Data extracts START

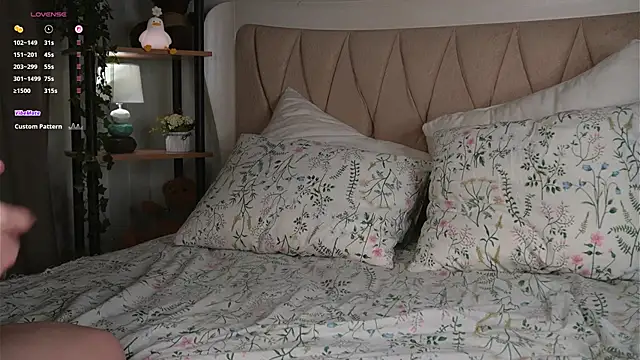 Snapshot of LillianLester chatting on March 20, 4:18 am LillianLester online show from March 20, 4:18 am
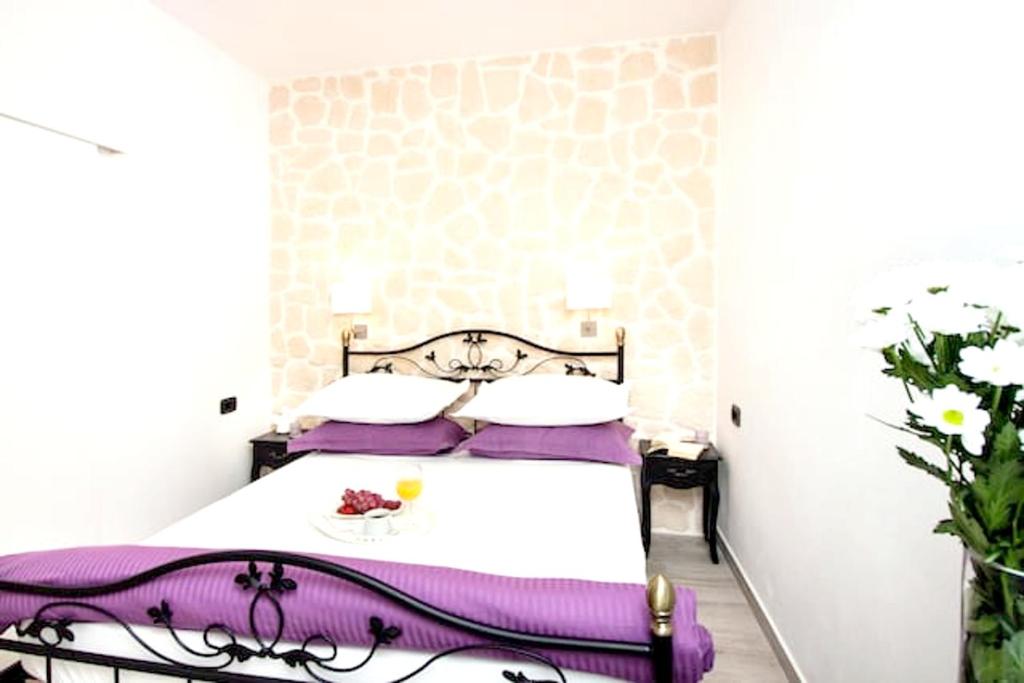 Modern Apartment in Trogir - 70 m² - Parking Included — photo 1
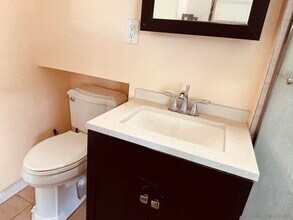 9624 Caminito Del Feliz in San Diego, CA - Building Photo - Building Photo
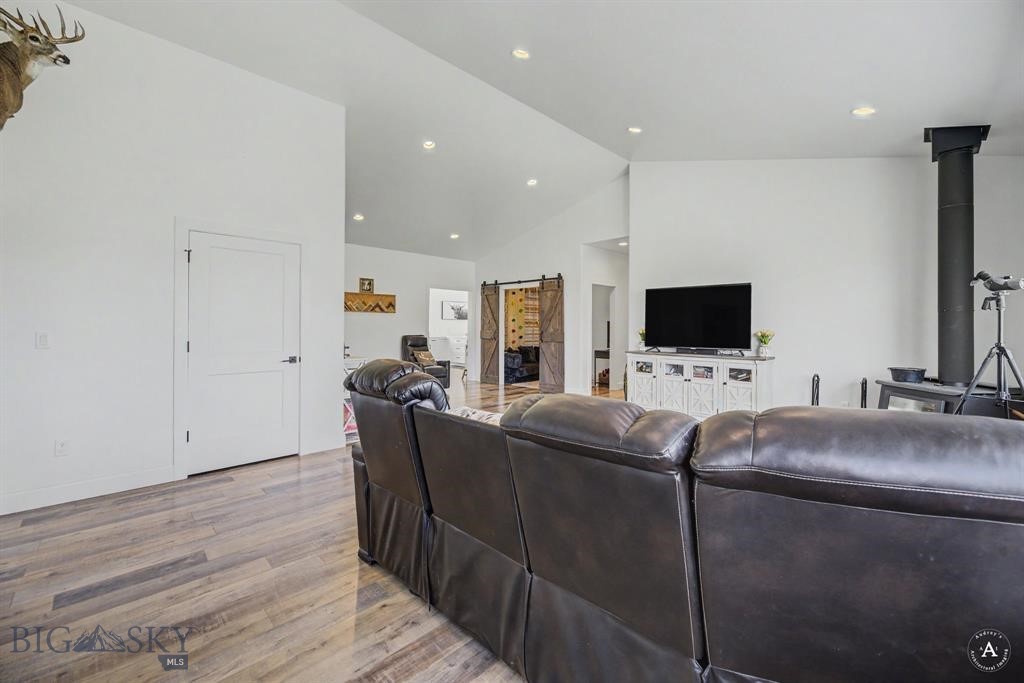 414785 Property Photo 10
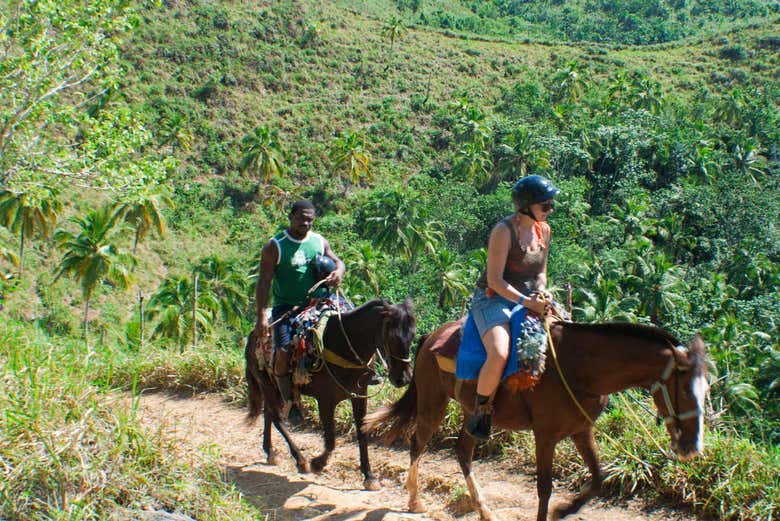 Ride horses through the Dominican jungle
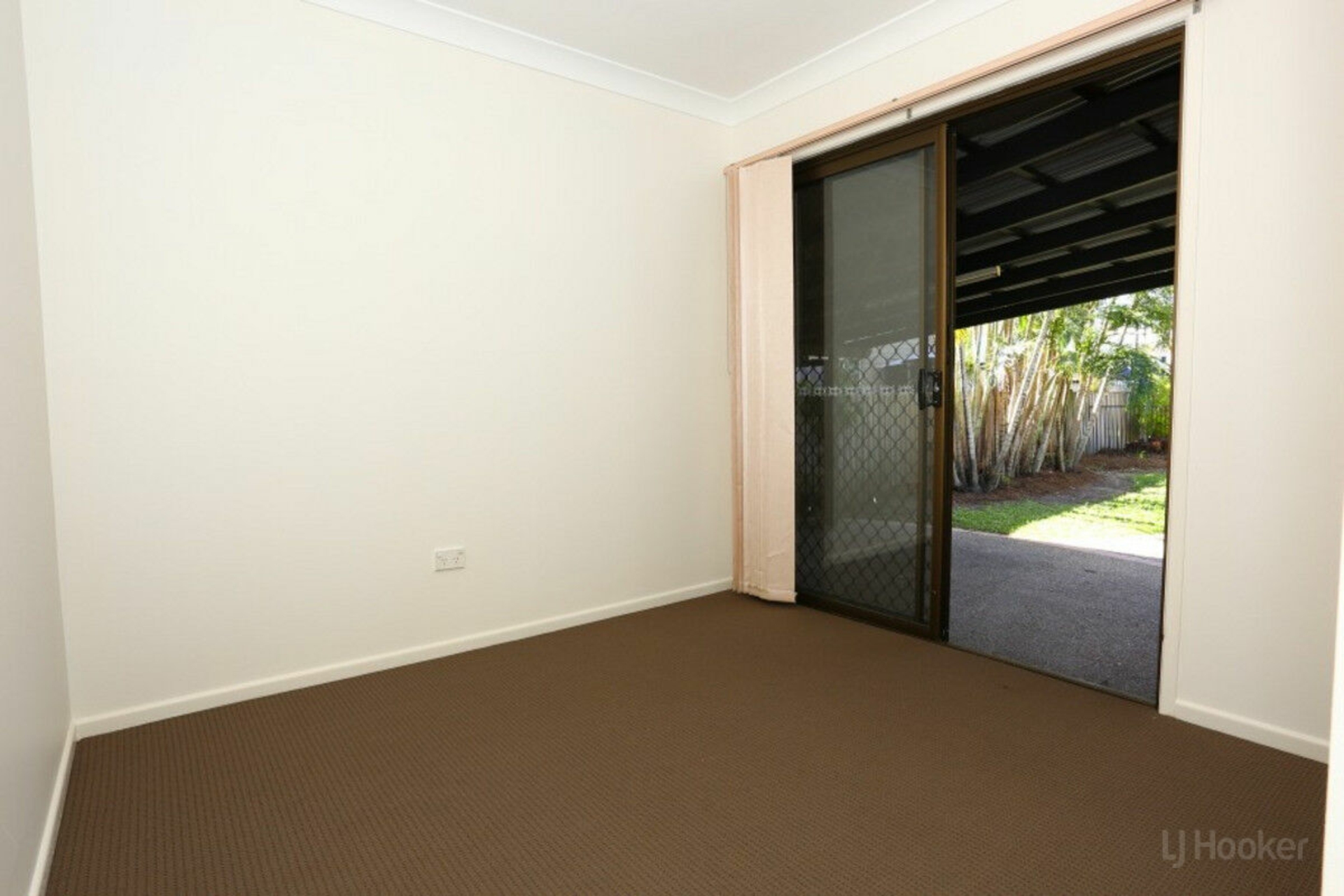 11 Nevenia Street, LABRADOR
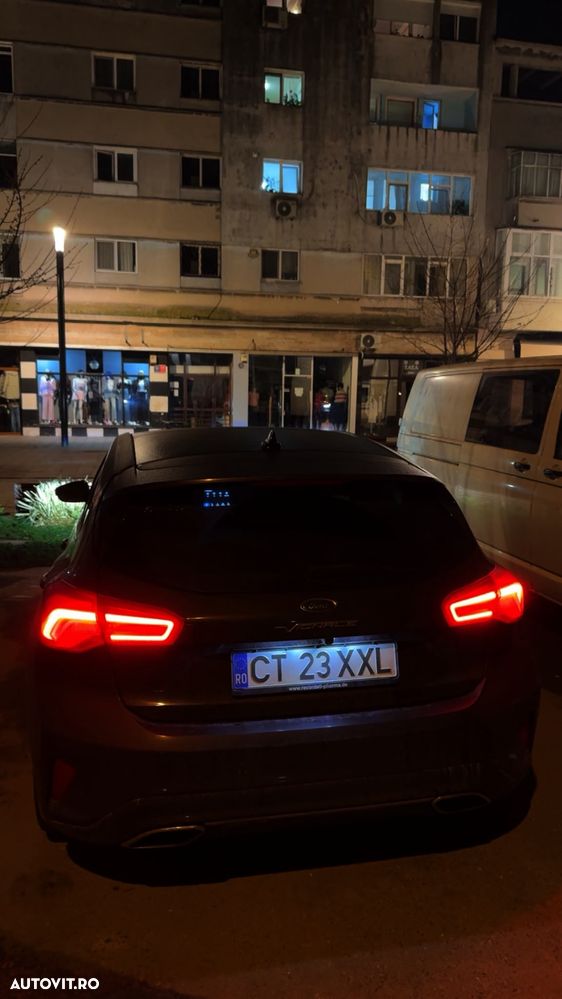 Ford Focus 2.0 EcoBlue Vignale - 2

Data extracts END

> _Exercise directions_: Repeat the material line for line. Pictures stay out of the copy.

> _The answer_:
 Snapshot of LillianLester chatting on March 20, 4:18 am LillianLester online show from March 20, 4:18 am
 Modern Apartment in Trogir - 70 m² - Parking Included — photo 1
 9624 Caminito Del Feliz in San Diego, CA - Building Photo - Building Photo
 414785 Property Photo 10
 Ride horses through the Dominican jungle
 11 Nevenia Street, LABRADOR
 Ford Focus 2.0 EcoBlue Vignale - 2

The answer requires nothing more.